Liquid Glass is Apple's next-generation material design system introduced at WWDC 2025. It represents a significant evolution from previous materials (Aqua, iOS 7 blurs, Dynamic Island) by creating a new digital meta-material that:
- **Dynamically bends and shapes light** (lensing) rather than scattering it
- **Moves organically** like a lightweight liquid, responding to touch and app dynamism
- **Adapts automatically** to size, environment, content, and light/dark modes
- **Unifies design language** across all Apple platforms (iOS, iPadOS, macOS, axiom-visionOS)
**Core Philosophy**: Liquid Glass complements the evolution of rounded, immersive screens with rounded, floating forms that feel natural to touch interaction while letting content shine through.
---
## Visual Properties
### 1. Lensing (Primary Visual Characteristic)
Liquid Glass defines itself through **lensing** — warping and bending light to communicate presence, motion, and form. Elements materialize in/out by modulating light bending (not fading). Controls feel ultra-lightweight yet visually distinguishable.
### 2. Motion & Fluidity
- Responds to interaction by flexing with light
- Gel-like flexibility communicates transient, malleable nature
- Elements lift into Liquid Glass on interaction (controls)
- Dynamic morphing between app states as a singular floating plane
### 3. Adaptive Behavior
Liquid Glass **continuously adapts** without fixed light/dark appearance:
- Shadows intensify when text scrolls underneath; tint shifts for legibility
- Small elements (navbars) independently flip light/dark; large elements (menus, sidebars) don't flip but adapt depth
- Ambient environment subtly spills onto surface
---
## Implementation Guide
### Basic API Usage
#### SwiftUI: `glassEffect` Modifier
```swift
// Basic usage - applies glass within capsule shape
Text("Hello")
.glassEffect()
// Custom shape
Text("Hello")
.glassEffect(in: RoundedRectangle(cornerRadius: 12))
// Interactive elements (iOS - for controls/containers)
Button("Tap Me") {
// action
}
.glassEffect()
.interactive() // Add for custom controls on iOS
```
**Automatic Adoption**: Simply recompiling with Xcode 26 brings Liquid Glass to standard controls automatically.
### Variants: Regular vs Clear
**CRITICAL DECISION**: Never mix Regular and Clear in the same interface.
#### Regular Variant (Default — 95% of Cases)
Most versatile. Full adaptive effects, automatic legibility, works in any size over any content. Use for navigation bars, tab bars, toolbars, buttons, menus, sidebars.
#### Clear Variant (Special Cases Only)
Permanently more transparent, no adaptive behaviors. **Requires dimming layer** for legibility.
**Use ONLY when ALL three conditions are met**:
1. Element is over **media-rich content**
2. Content layer won't be negatively affected by **dimming layer**
3. Content above glass is **bold and bright**
Using Clear without meeting all three conditions results in poor legibility.
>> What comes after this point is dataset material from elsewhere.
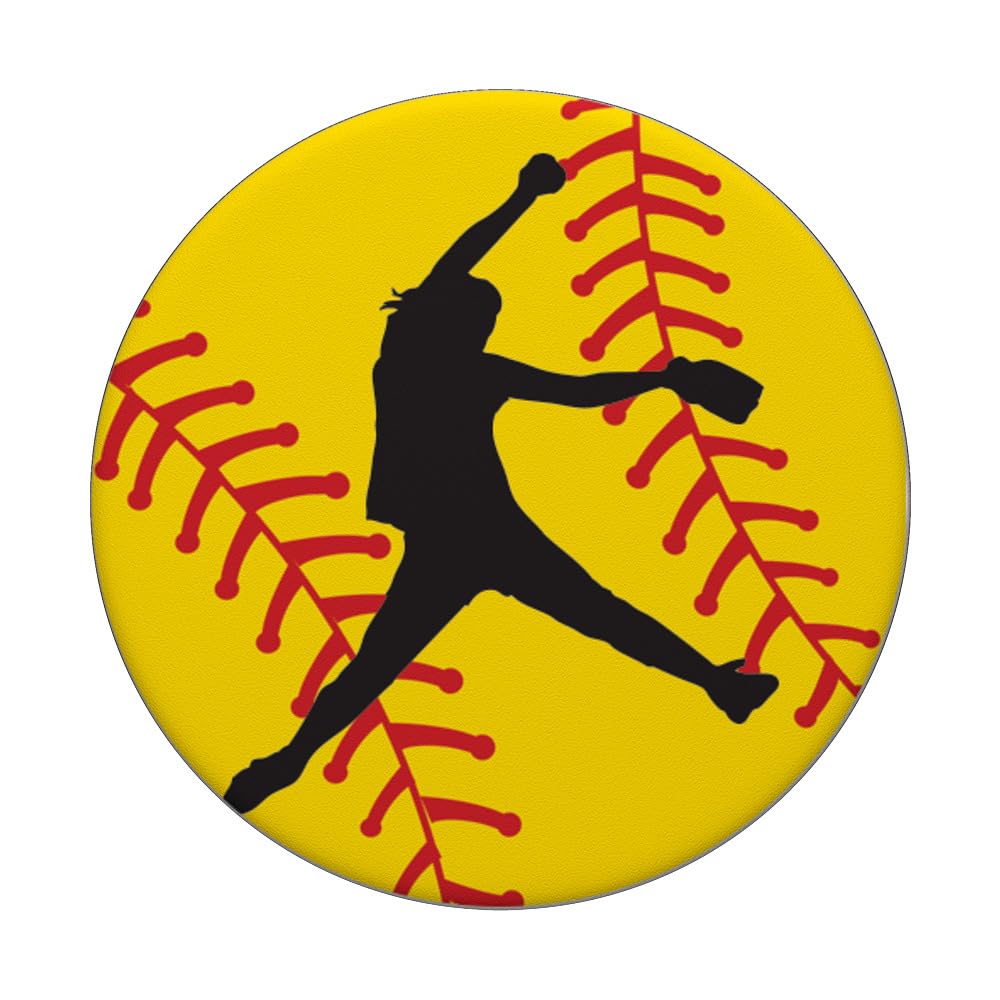Softball Pitcher PopSockets PopGrip: Swappable Phone & Tablet Grip with Adhesive Backing - Perfect for Fans, Players, and Everyday Use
See `axiom-liquid-glass-ref` for implementation examples.
---
## Layered System Architecture
Liquid Glass is composed of four layers working together:
1. **Highlights** — Light sources produce highlights responding to geometry; some respond to device motion
2. **Shadows** — Content-aware: stronger over text, weaker over light backgrounds
3. **Internal Glow** — Material illuminates from within on interaction; spreads to nearby glass elements
4. **Adaptive Tinting** — Multiple layers adapt together to maintain hierarchy; all built-in automatically
---
## Scroll Edge Effects
Scroll edge effects dissolve content into background as it scrolls, lifting glass above moving content. Use `.scrollEdgeEffect(.hard)` when pinned accessory views exist (e.g., column headers) for extra visual separation. See `axiom-liquid-glass-ref` for full API details.
---
## Tinting & Color
Liquid Glass introduces **adaptive tinting** — selecting a color generates tones mapped to content brightness underneath, inspired by colored glass in reality. Compatible with all glass behaviors (morphing, adaptation, interaction).
### Tinting Rules
```swift
// ✅ Tint primary actions only
Button("View Bag") { }.tint(.red).glassEffect()
// ❌ Don't tint everything — when everything is tinted, nothing stands out
VStack {
Button("Action 1").tint(.blue).glassEffect()
Button("Action 2").tint(.green).glassEffect() // No hierarchy
}
// ❌ Solid fills break Liquid Glass character
Button("Action") { }.background(.red) // Opaque, wrong
// ✅ Use .tint() instead of solid fills
Button("Action") { }.tint(.red).glassEffect() // Grounded in environment
```
Reserve tinting for primary UI actions. Use color in the content layer for overall app color scheme.
---
## Legibility & Contrast
SwiftUI automatically uses **vibrant text and tint colors** within glass effects — no manual adjustment needed. Small elements (navbars, tabbars) flip light/dark for discernibility. Large elements (menus, sidebars) adapt but don't flip (too distracting for large surface area). Symbols/glyphs mirror glass behavior and maximize contrast automatically.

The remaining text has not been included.